There’s No Wrong Way to Meditate

There's no wrong way to meditate ... and, according to Steven Leonard, creator of Freestyle Meditation and a faculty member for the Kripalu School of Yoga, there are hundreds of right ways.

Steven says that half his job as a meditation teacher is debunking people’s misconceptions about the practice. “Almost every meditation class I teach,” he says, “there are people who tell me, ‘I can’t empty my mind’ or ‘I can’t stop my thoughts.’ The first step is helping them understand that not only is stopping your thoughts not the point of meditation, it’s not even possible.”

What is the point? Whatever you want it to be, says Steven. “A broad definition of meditation is that it connects you with a quality you want to embody in your day-to-day experience,” he says. Whether you’re looking to cultivate more freedom, balance, joy, gratitude, or flow, there’s a meditation practice that will spark and nurture that quality—and it doesn’t have to involve sitting on a cushion with your eyes closed.

To explain the various approaches to meditation, Steven often uses the analogy of yoga: Different styles of yoga appeal to different personalities or bodies, and you can modify the practice to make it work for you. “As a yoga teacher, I would never push someone to do a certain variation of a posture,” he says. “I would invite them to do it in their own way and at their own pace, and give them permission to listen to their body and make adjustments.”

Thinking about meditation like this opens up a whole new, intimidation-free world. According to Steven, cooking, hiking, even petting your dog can qualify as meditation if you’re doing it with awareness and intentionality.   

When and how often you meditate is also in your court, Steven says. “Some people like to start the day with it, to help them feel grounded, and others prefer to meditate at night, to integrate the day and prepare for sleep. Midday works well for me—it gives me energy for the rest of the afternoon.” He recommends starting with just a few minutes a few times a week, and increasing as feels right.

“You get to create your own rules,” he says. “First, get clear about your intention, and then experiment to find the practice to fit that intention. For most people, the point is not to transcend the human experience, as it was for the ancient yogis, but to support our everyday lives.”

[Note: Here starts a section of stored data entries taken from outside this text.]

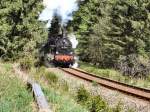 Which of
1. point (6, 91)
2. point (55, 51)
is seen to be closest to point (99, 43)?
point (55, 51)

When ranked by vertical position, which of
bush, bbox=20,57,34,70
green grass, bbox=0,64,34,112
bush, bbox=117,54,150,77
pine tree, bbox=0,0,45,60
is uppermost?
pine tree, bbox=0,0,45,60

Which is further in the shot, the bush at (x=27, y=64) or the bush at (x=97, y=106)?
the bush at (x=27, y=64)

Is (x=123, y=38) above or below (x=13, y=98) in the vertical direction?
above

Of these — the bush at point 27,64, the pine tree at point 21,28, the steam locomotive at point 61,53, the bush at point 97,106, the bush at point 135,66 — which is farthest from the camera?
the pine tree at point 21,28

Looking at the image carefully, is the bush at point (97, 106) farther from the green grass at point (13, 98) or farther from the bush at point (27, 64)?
the bush at point (27, 64)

Here are five out-of-the-box meditations to try:

  1. Watch the birds. Let their colors and songs wash over you as they flash by, without trying to identify them.
  2. Move with awareness. Next time you walk to your car, do the dishes, or take out the trash, notice your thoughts and sensations as you accomplish your task.
  3. Breathe fully. Every time your phone buzzes to announce a text or email, inhale on four counts and exhale on five.
  4. Write. Do 10 minutes of meditative journaling, letting the words flow onto the page as they come to you, without editing them.
  5. Give thanks. Each day, at a set time, take a moment to name three things you are thankful for.

Steven Leonard, a Lead Faculty member at Kripalu, is a functional movement specialist, meditation educator, teacher trainer for the Kripalu School of Yoga, and a Mindful Outdoor Guide.